[Dataset items]
----------------
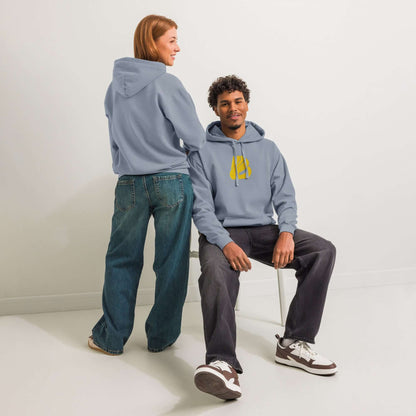 Paar im Textilgefärbter Unisex-Hoodie mit entspannter Passform in gewaschenen Farben, ideal zum Überziehen oder Entspannen.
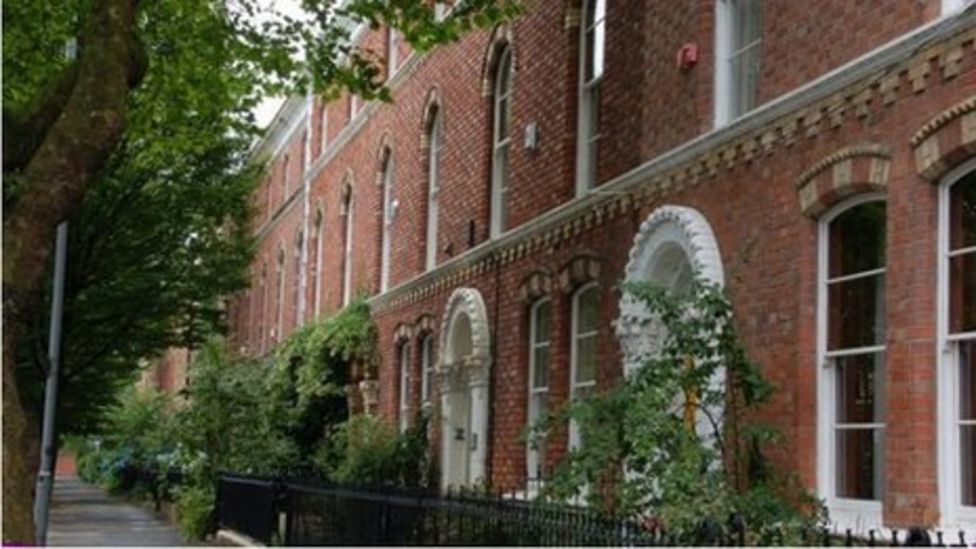 Rugby Road, Belfast, residents angry over tarmacking BBC News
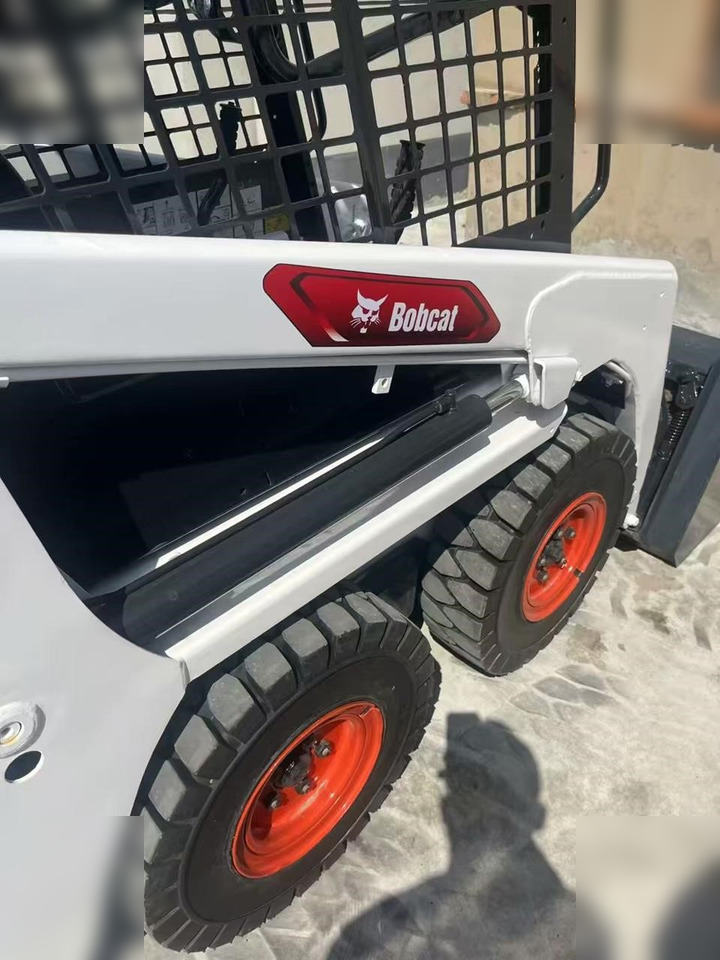 BOBCAT S70 - Компактен натоварувач: слика 2 BOBCAT S70 - Компактен натоварувач: слика 2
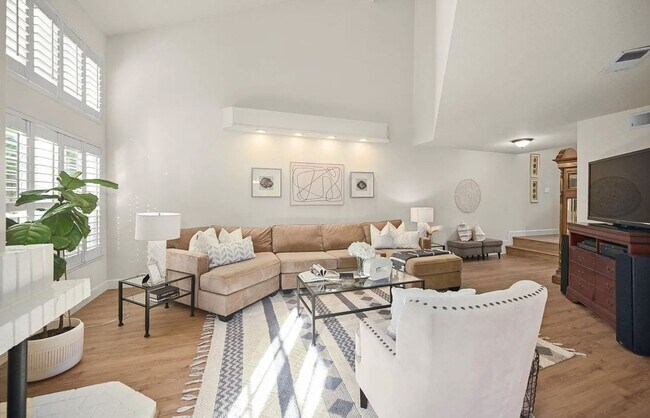 Building Photo - Cozy 3BD/2.5BA Single-Family Home Minutes from Downtown Pleasanton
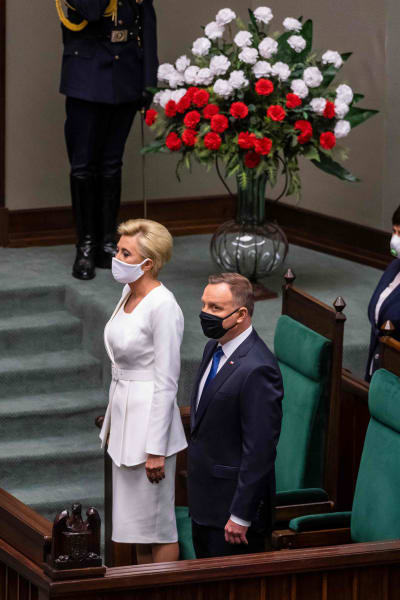 Andrzej Duda svärs in som Polens president bredvid sin fru Agata Kornhauser-Duda 
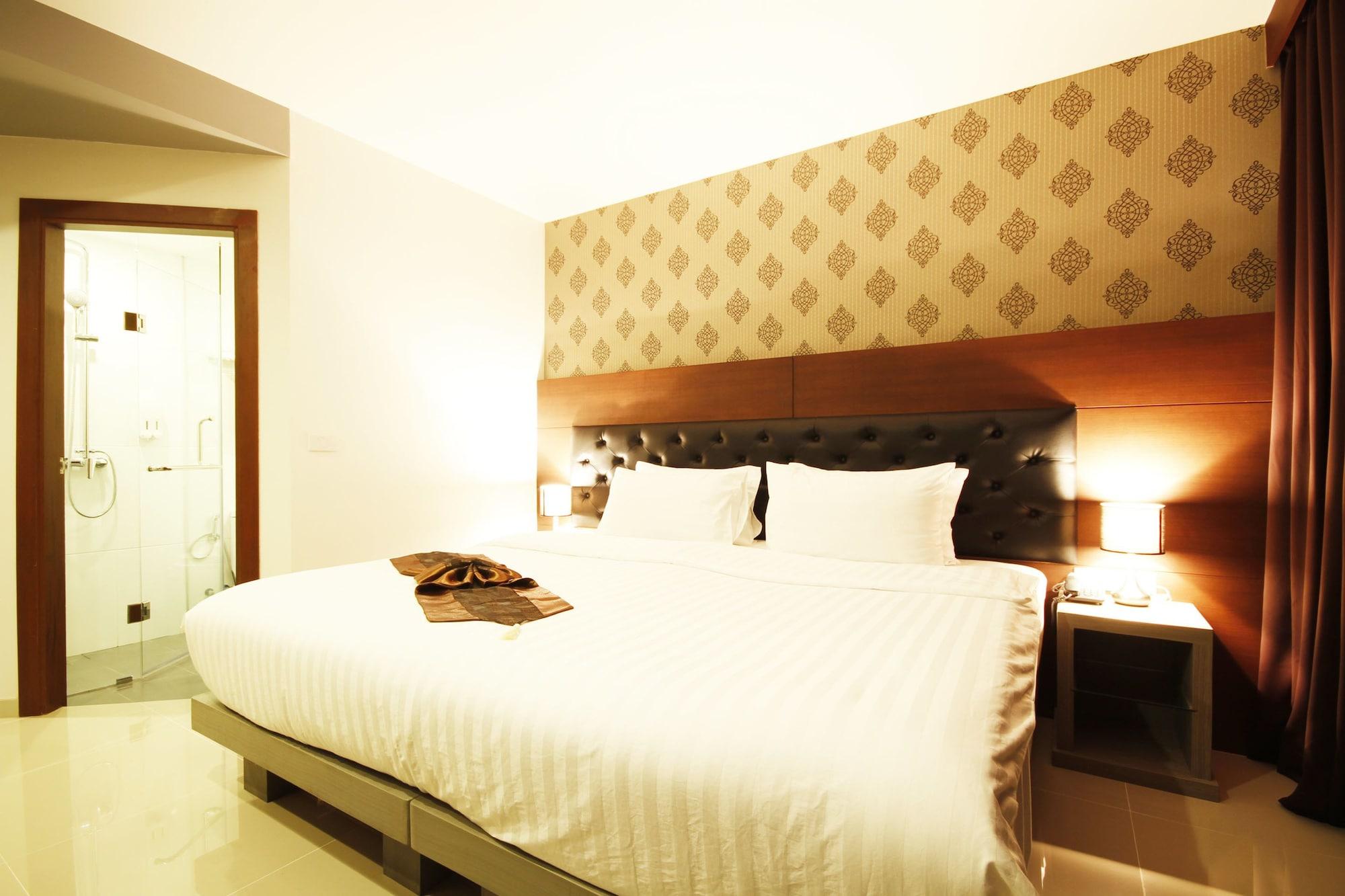Hemingways Silk Hotel Patong Экстерьер фото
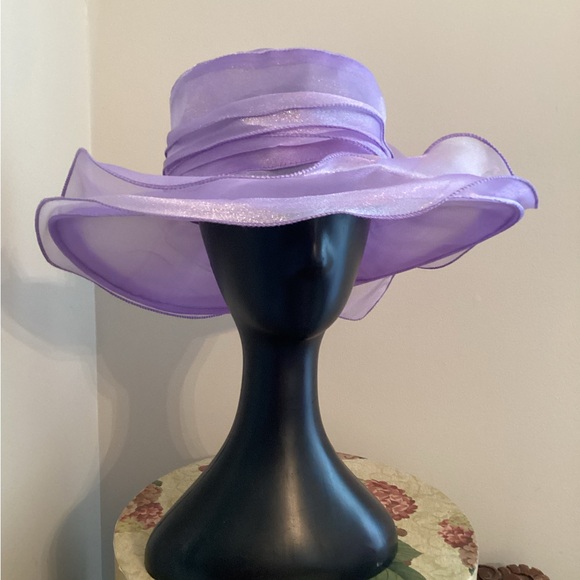 🌹Elegant Lavender Purple Organza FACINATOR Hat - Picture 4 of 5
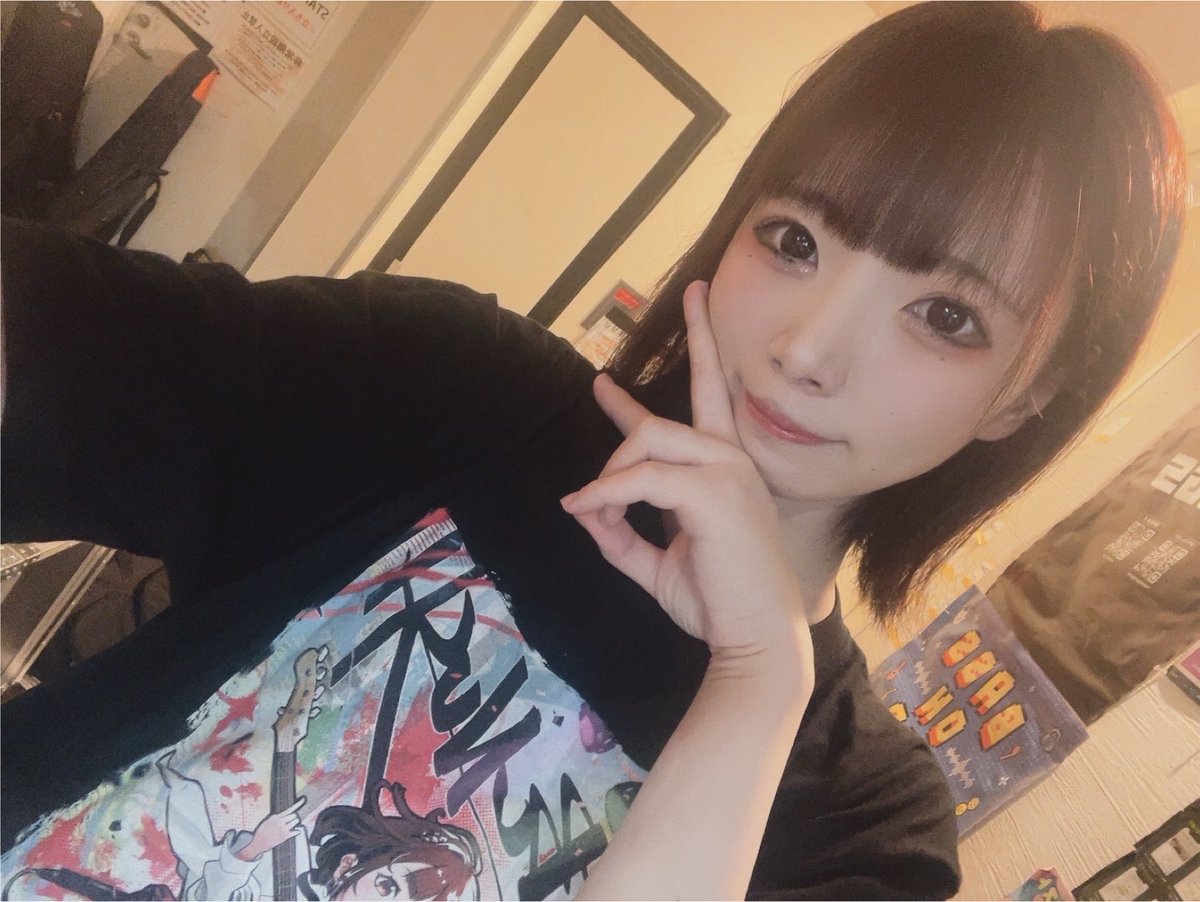 saki1106AM's tweet photo. アメ村BEYONDライブお疲れ様でした♪
フロア元気で楽しかったなぁ平日に集まってくれたみんな本当にありがとう🙇‍♀️❤️
当たり屋写真はやんぴしました( ˙꒳​˙ *)←
次は週末東京はるちょんサポート🎸 https://t.co/9685yny5Ro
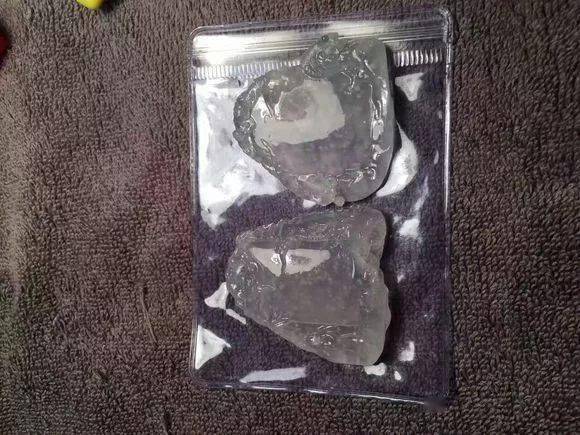闲逛翡翠市场淘了一块玻璃种雪花棉，雕刻后价值更是翻倍！  第6张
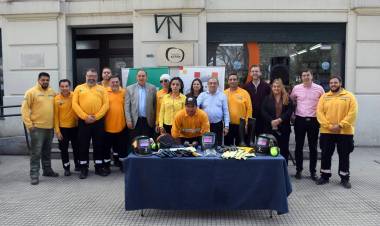 La Municipalidad y Asoem entregaron elementos de protección personal a trabajadores municipales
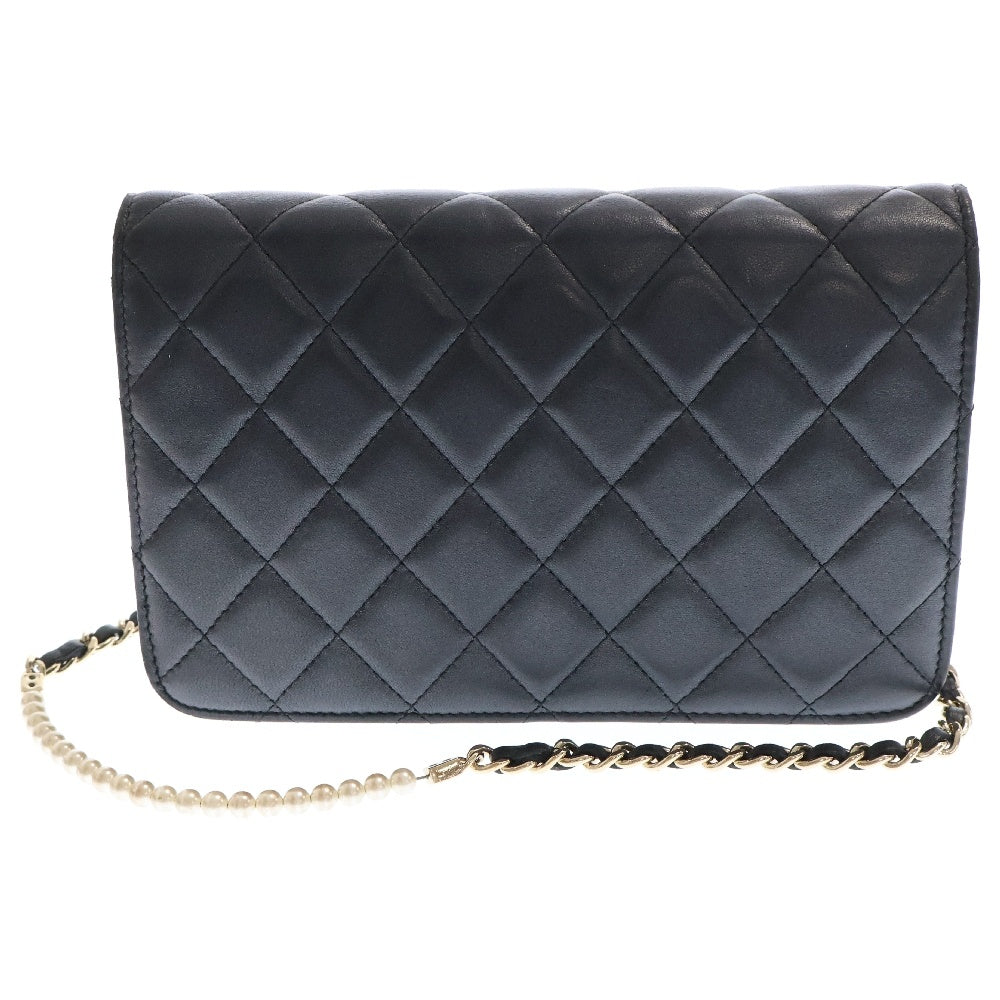 CHANEL(シャネル) マトラッセ パールココマーク ラムスキン チェーンウォレット レディース グレー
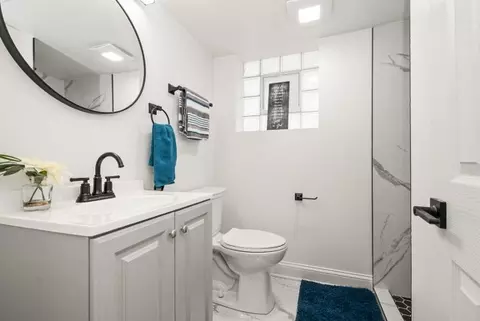 Bath - 505 E 146th St, Dolton, IL 60419 photo 1 of 4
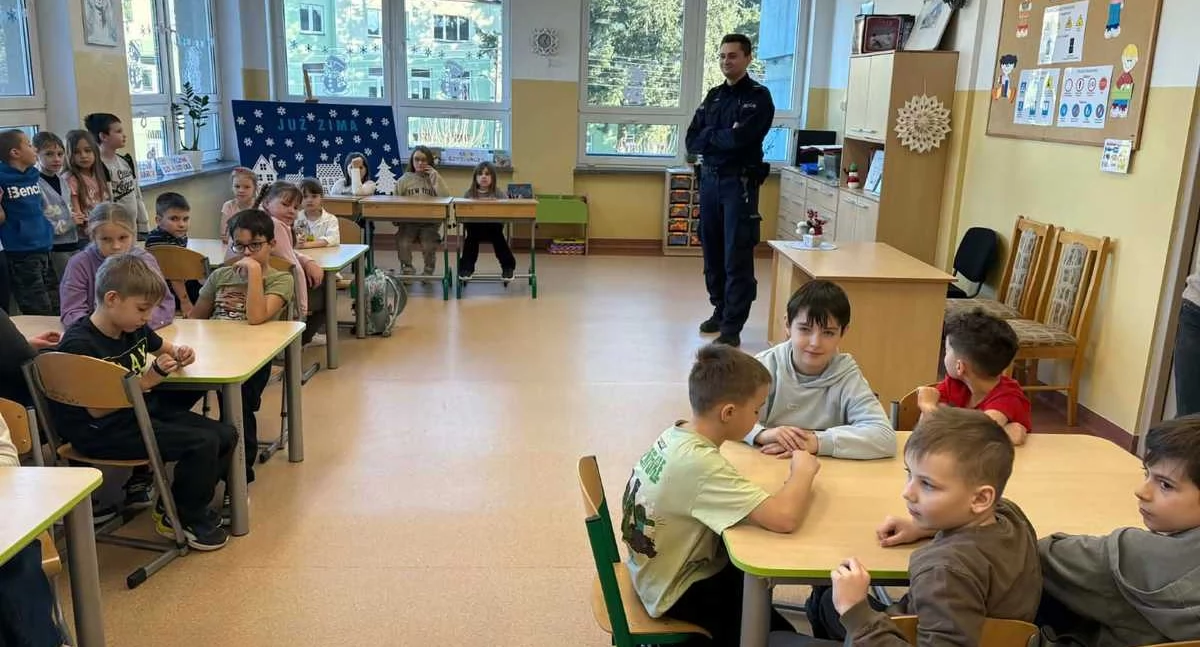 Policjanci już przygotowują najmłodszych do ferii. Trwa akcja Bezpieczne Ferie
----------------
__What you need to do__: In the records above, find the line containing "当たり屋写真はやんぴしました( ˙꒳​˙ *)←", then please restate it and each line after it word for word, pictures excluded.

__Solved problem__:
当たり屋写真はやんぴしました( ˙꒳​˙ *)←
次は週末東京はるちょんサポート🎸 https://t.co/9685yny5Ro
闲逛翡翠市场淘了一块玻璃种雪花棉，雕刻后价值更是翻倍！  第6张
 La Municipalidad y Asoem entregaron elementos de protección personal a trabajadores municipales
 CHANEL(シャネル) マトラッセ パールココマーク ラムスキン チェーンウォレット レディース グレー
 Bath - 505 E 146th St, Dolton, IL 60419 photo 1 of 4
 Policjanci już przygotowują najmłodszych do ferii. Trwa akcja Bezpieczne Ferie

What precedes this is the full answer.